#### [DATA BLOCK]
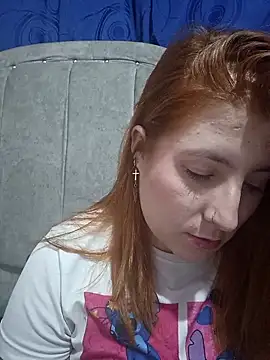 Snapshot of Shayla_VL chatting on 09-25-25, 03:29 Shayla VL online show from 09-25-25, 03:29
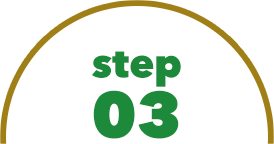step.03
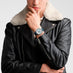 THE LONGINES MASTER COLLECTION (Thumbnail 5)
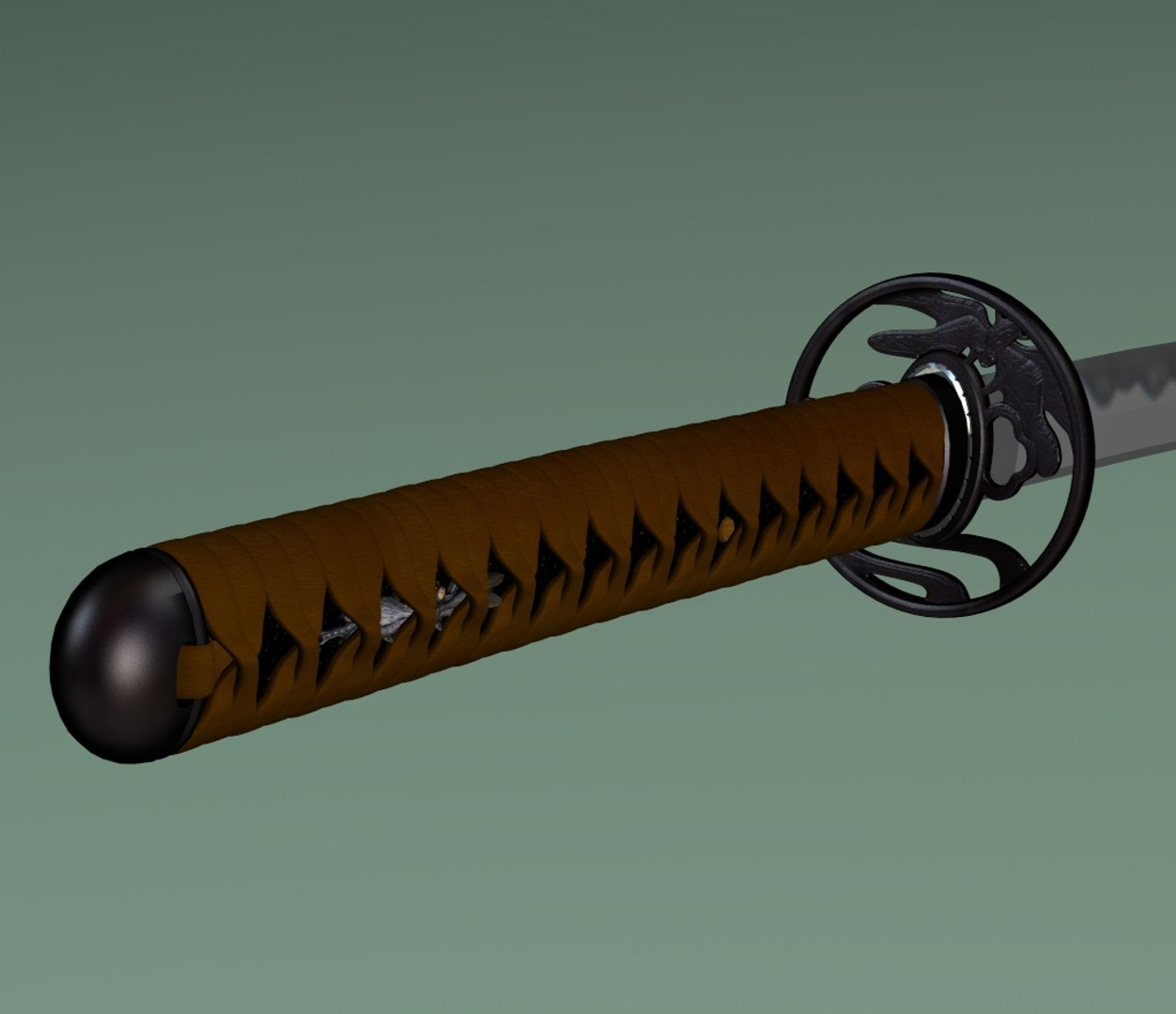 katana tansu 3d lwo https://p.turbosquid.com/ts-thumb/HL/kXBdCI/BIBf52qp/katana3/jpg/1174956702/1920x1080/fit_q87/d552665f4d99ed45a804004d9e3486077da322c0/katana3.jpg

#### [TASK STATEMENT]
Omit the pictures and output all remaining material exactly.

#### [SOLVED EXERCISE]
 Snapshot of Shayla_VL chatting on 09-25-25, 03:29 Shayla VL online show from 09-25-25, 03:29
step.03
 THE LONGINES MASTER COLLECTION (Thumbnail 5)
 katana tansu 3d lwo https://p.turbosquid.com/ts-thumb/HL/kXBdCI/BIBf52qp/katana3/jpg/1174956702/1920x1080/fit_q87/d552665f4d99ed45a804004d9e3486077da322c0/katana3.jpg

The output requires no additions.